Hester ha lasciato un giudice della corte suprema per Freddie Page, inconcludente ex-pilota d’aerei dedito all’alcol, ed ha rinunciato così ad una vita agiata per vivere in una casa in affitto. Le cose però non vanno bene e sono proprio i tormenti dell’amore a fare da spina dorsale alla pièce scritta dal commediografo Terence Rattigan, recentemente riproposta a teatro con la regia di Luca Zingaretti.

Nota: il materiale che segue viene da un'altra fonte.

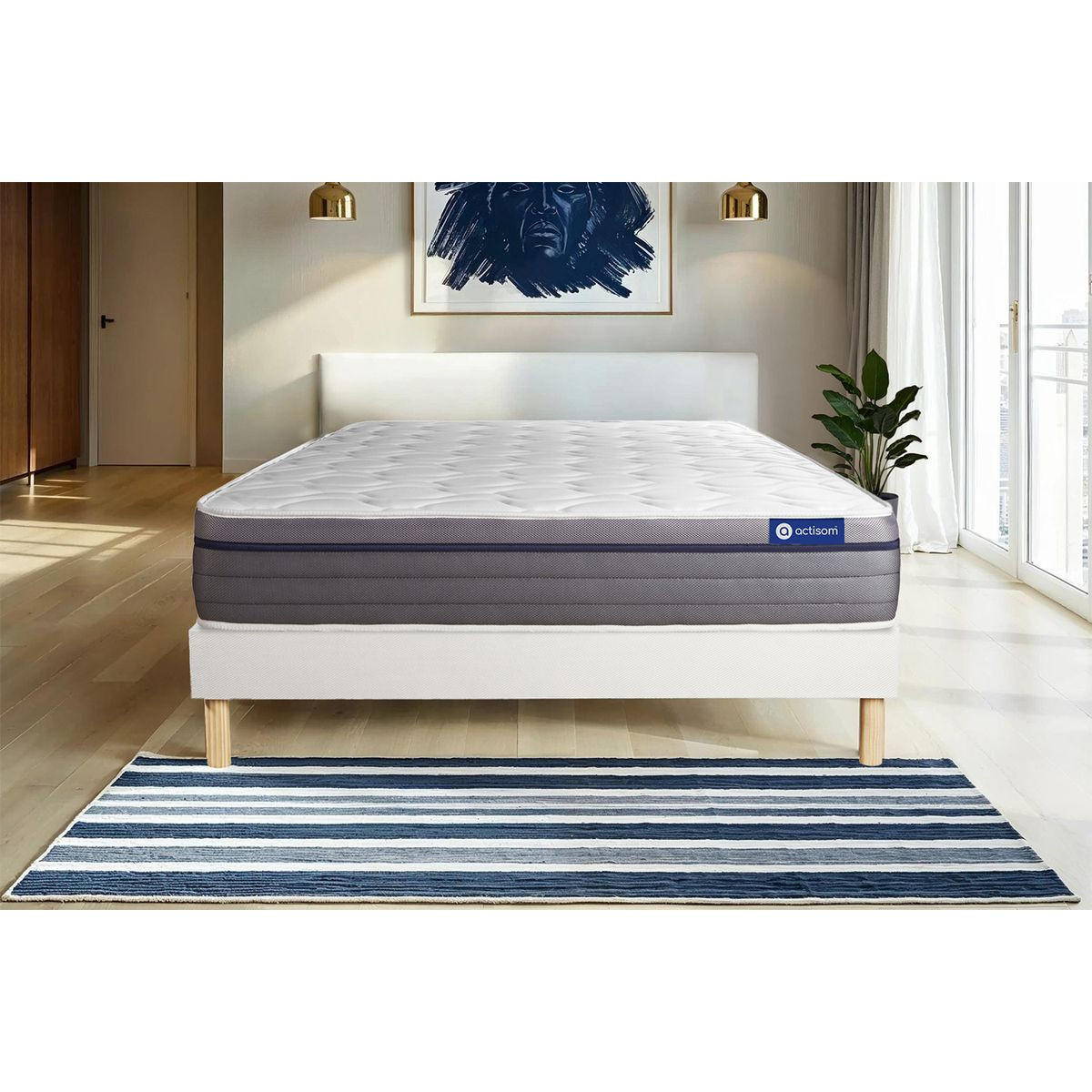 BETT Actiflex zen Taschenfederkern und Memory-Schaum 90 x 200 cm h1 - Kit Bettgestell Weiß - Beige/Weiß, Karton/Holz (90/200cm) - ACTISOM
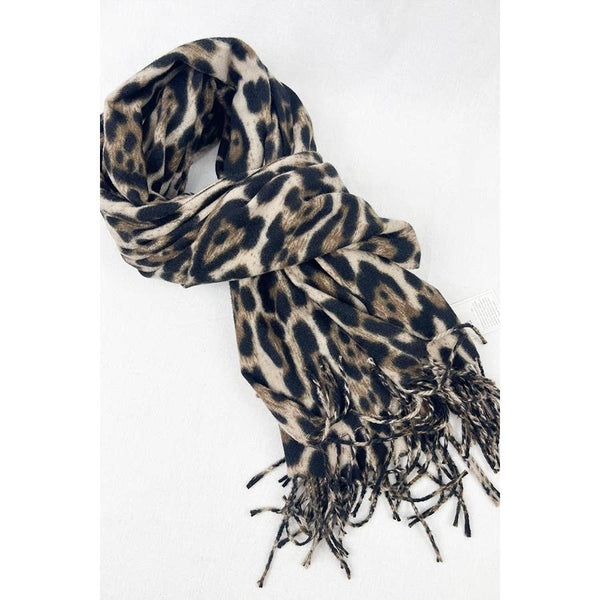 Leopard Print Long Scarf with Tassel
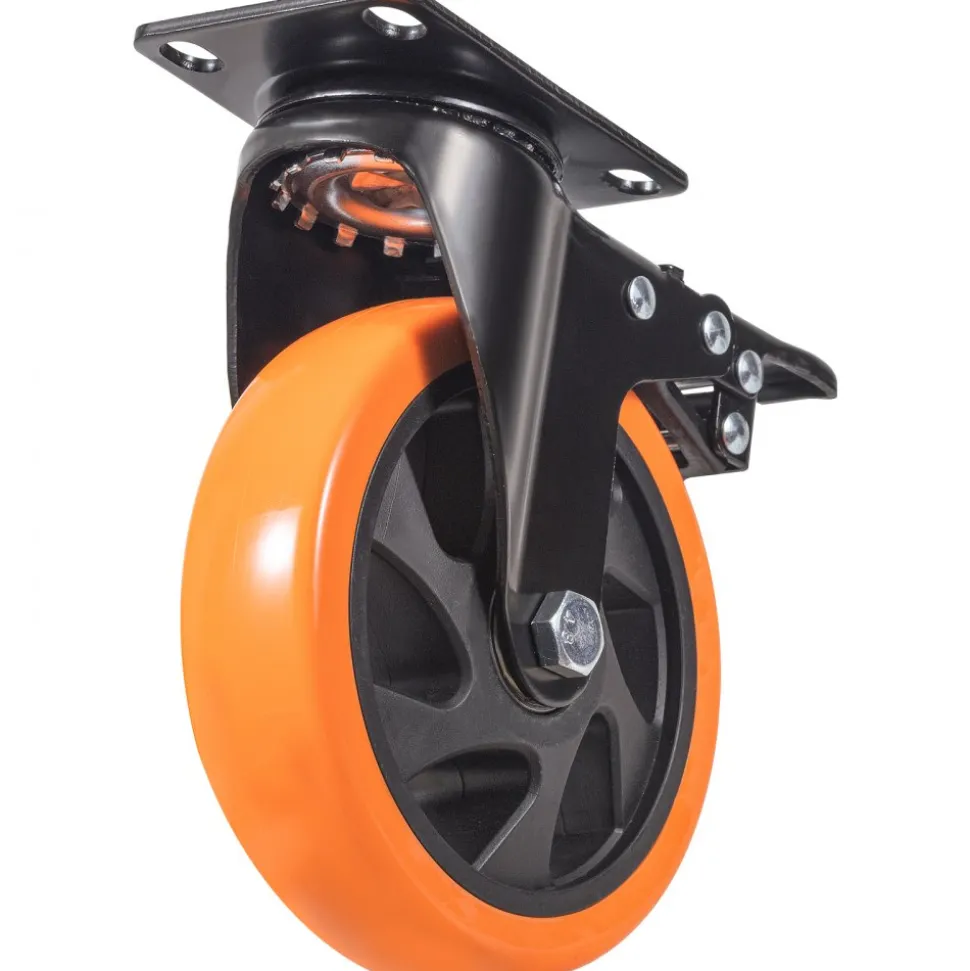 VEVOR Caster Wheels, 5-inch Swivel Plate Casters, Set of 4, with Security A/B Locking No Noise PVC Wheels, Heavy Duty 450 lbs Load Capacity Per Caster, Non-Marking Wheels for Cart Furniture Workbench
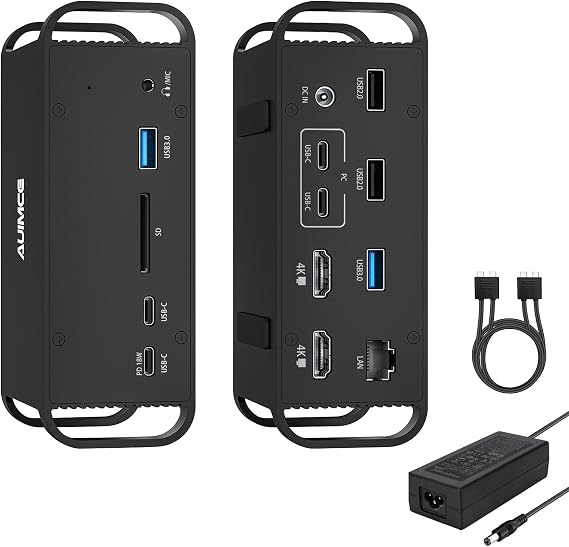 MacBook Docking Station Dual Monitor for Intel, M1 /M2 /M3 Pro/Max,14-in-2 Laptop Dock with Dual USB-C Cable,100W Power Supply, 2 HDMI 4K60Hz,USB-C/ANot Compatible with M1/M2 Base Models or Windows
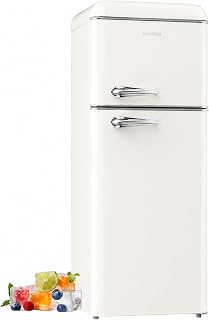 BANGSON 7.5 Cu.Ft Retro Refrigerator with Top Freeze White | 2 Door Apartment Fridge, Adjustable Thermostat, Refrigerator for Office, Kitchen, and Home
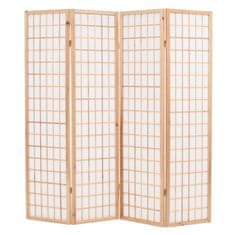 Greatstore Skládací 4dílný paraván v japonském stylu 160 x 170 cm přírodní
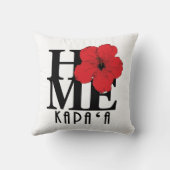 ZUHAUSE Kapa`a, Hawaii Roter Hibiskus Kissen (Rückseite)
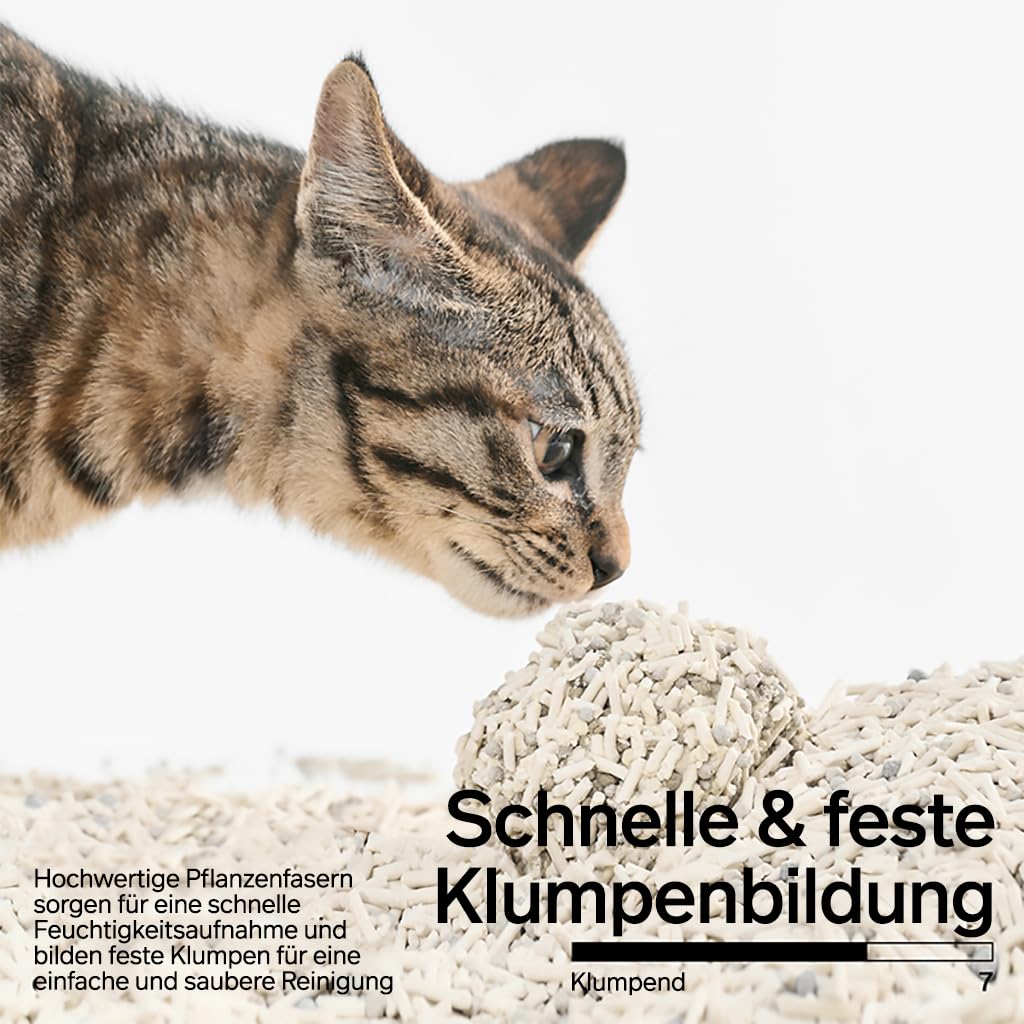 pidan Tofu Katzenstreu mit Bentonit 9,6 kg (4 Beutel) | Klumpstreu mit 70 % pflanzlichen Rohstoffen, staubarm, starke Geruchsbindung, geringe Streuverschleppung
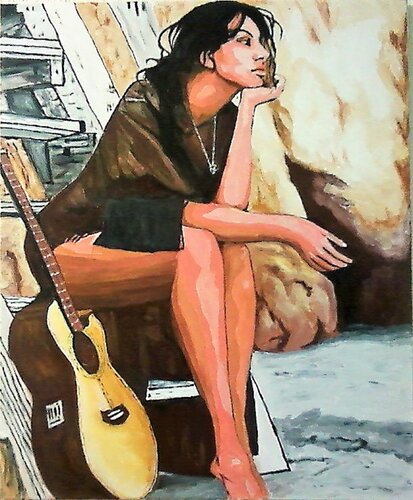 Guitariste von ROGER TANZI, Malerei kaufen auf Singulart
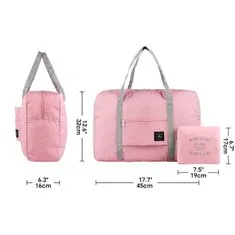 Northix Skládací taška - růžová 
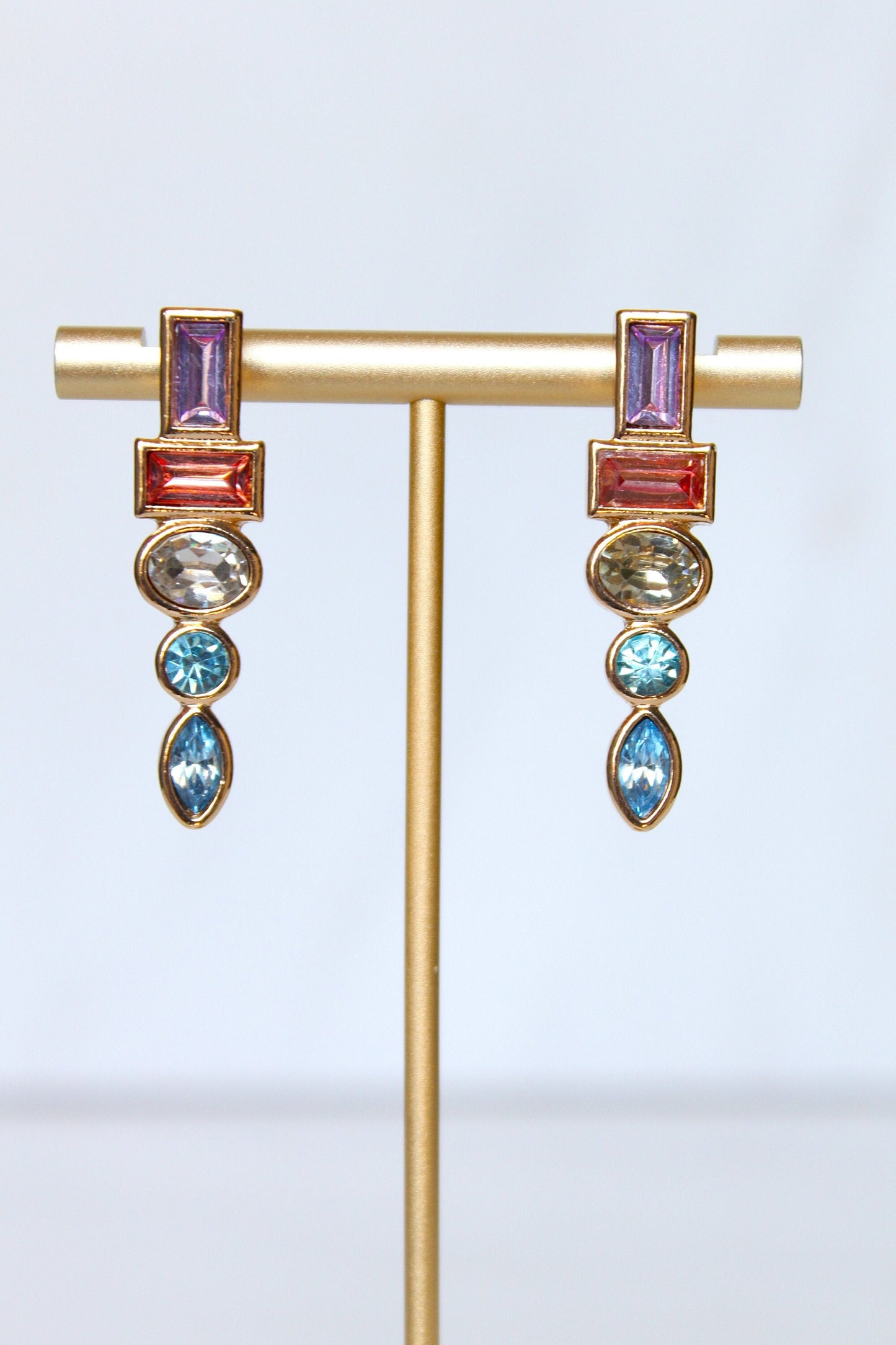 Elegant Rainbow Color Crystal Long Drop Earrings for Women Gold Plated
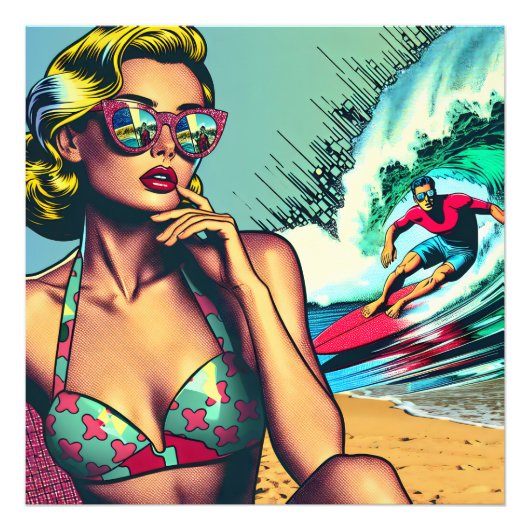 blond retro vrouw en surfer man foto afdruk (Voorkant)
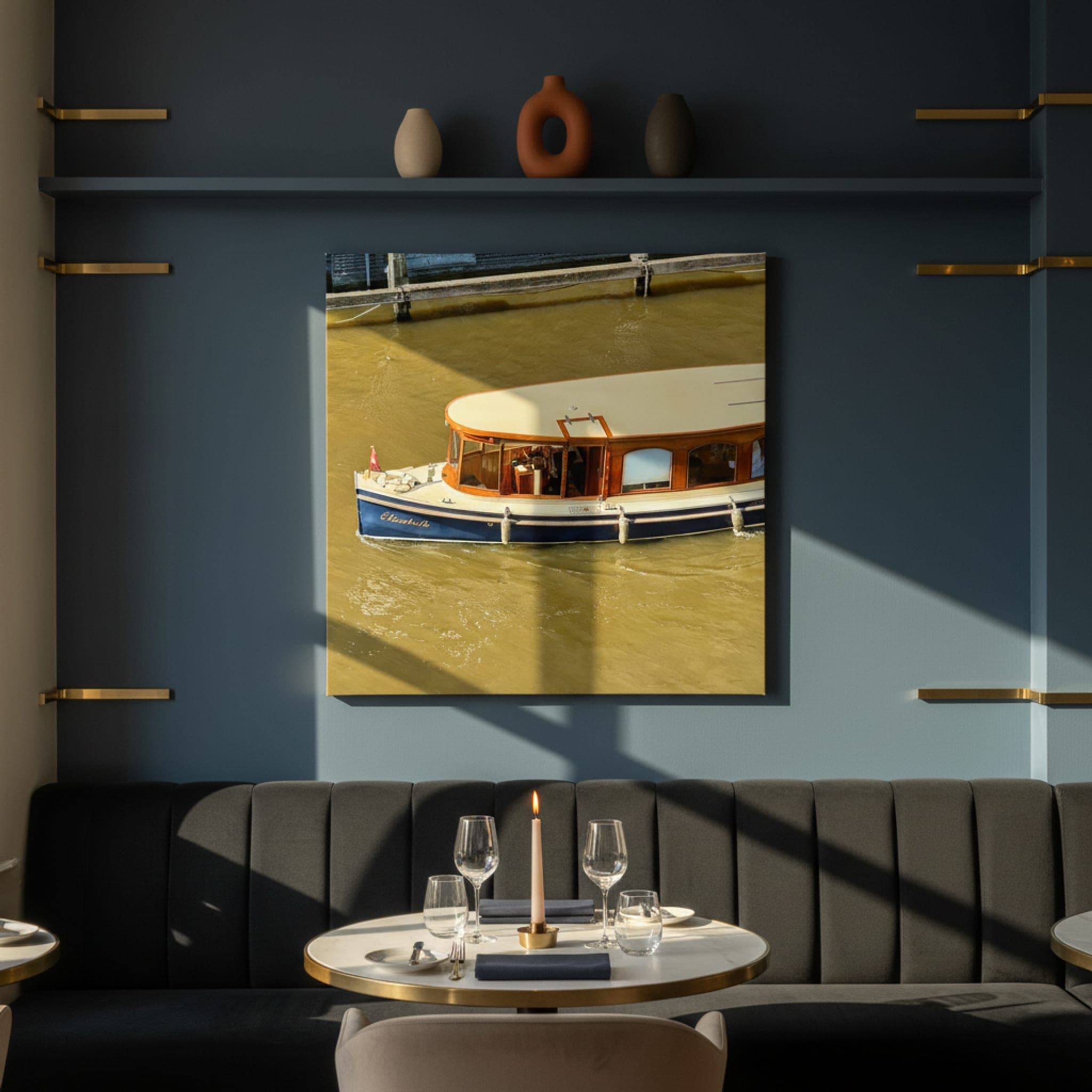 Elisabeth on the Canal shown as a canvas print in a styled interior, view 1 of 3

Il titolo The Deep Blue Sea allude al modo di dire anglosassone Between the devil and the deep blue sea, che indica la scelta tra due situazioni indesiderabili. Proprio in simili circostanze si trova la protagonista, interpretata da Luisa Ranieri, che è stretta tra ragione e sentimento, lacerata da ciò che prova per il compagno e contemporaneamente consapevole del limiti dell’uomo che ama, che nello spettacolo ha il volto di Giovanni Serratore.

Sul palco viene ricreato l’appartamento dove Hester vive con l’amante. All’apertura del sipario, la donna è riversa sul pavimento dopo aver tentato il suicidio a causa della sua situazione sentimentale. È evidente fin da subito che la regia di Zingaretti mira a non perdere tempo, cercando e trovando il giusto equilibrio tra ritmo degli eventi, mai troppo serrato, e intensità dei dialoghi, che riescono a rendere il senso di malinconia, rimpianto, passione bruciante e disperazione.

A conti fatti, lo spettacolo mette spietatamente ed efficacemente a nudo l’aspetto meno aulico dell’amore, quell’impasto inesprimibile di egoismo e irrazionalità che può mettere insieme due persone “sbagliate” e consumarle in nome del desiderio e del possesso.

Tutti i personaggi in gioco sono quindi sporchi di umanità, nessuno di loro può permettersi di indossare l’abito del principe azzurro o della donzella in pericolo perché la complessità dei sentimenti li porta oltre le definizioni di torto o ragione. D’altronde chi si può davvero dire cosa sia giusto o sbagliato, quando si parla di amore?